*** Opening of EXERCISE DATA ***

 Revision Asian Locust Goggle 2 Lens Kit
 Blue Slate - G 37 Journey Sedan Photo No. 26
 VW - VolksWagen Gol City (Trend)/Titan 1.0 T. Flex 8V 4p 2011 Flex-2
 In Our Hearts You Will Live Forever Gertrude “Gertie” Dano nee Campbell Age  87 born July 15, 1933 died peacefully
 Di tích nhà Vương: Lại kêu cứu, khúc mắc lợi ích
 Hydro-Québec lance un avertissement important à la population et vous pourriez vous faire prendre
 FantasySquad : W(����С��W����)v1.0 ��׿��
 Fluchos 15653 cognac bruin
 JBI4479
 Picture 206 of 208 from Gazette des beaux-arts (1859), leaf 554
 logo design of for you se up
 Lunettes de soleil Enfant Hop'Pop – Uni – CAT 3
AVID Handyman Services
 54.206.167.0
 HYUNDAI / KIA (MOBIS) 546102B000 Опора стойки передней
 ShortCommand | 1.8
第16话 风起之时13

*** Close of EXERCISE DATA ***
*** Opening of EXERCISE DATA ***

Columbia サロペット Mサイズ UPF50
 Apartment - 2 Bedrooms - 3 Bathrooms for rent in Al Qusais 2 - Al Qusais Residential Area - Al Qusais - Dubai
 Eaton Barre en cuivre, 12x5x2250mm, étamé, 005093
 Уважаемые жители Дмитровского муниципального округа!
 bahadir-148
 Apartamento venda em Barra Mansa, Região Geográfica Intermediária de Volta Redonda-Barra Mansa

*** Close of EXERCISE DATA ***

WHAT THE TASK ASKS:
In the data above, find the line that contains "VW - VolksWagen" and the line that contains "第16话 风起之时13". Repeat exactly those lines and every line between them, and only those.

ANSWER BELOW:
 VW - VolksWagen Gol City (Trend)/Titan 1.0 T. Flex 8V 4p 2011 Flex-2
 In Our Hearts You Will Live Forever Gertrude “Gertie” Dano nee Campbell Age  87 born July 15, 1933 died peacefully
 Di tích nhà Vương: Lại kêu cứu, khúc mắc lợi ích
 Hydro-Québec lance un avertissement important à la population et vous pourriez vous faire prendre
 FantasySquad : W(����С��W����)v1.0 ��׿��
 Fluchos 15653 cognac bruin
 JBI4479
 Picture 206 of 208 from Gazette des beaux-arts (1859), leaf 554
 logo design of for you se up
 Lunettes de soleil Enfant Hop'Pop – Uni – CAT 3
AVID Handyman Services
 54.206.167.0
 HYUNDAI / KIA (MOBIS) 546102B000 Опора стойки передней
 ShortCommand | 1.8
第16话 风起之时13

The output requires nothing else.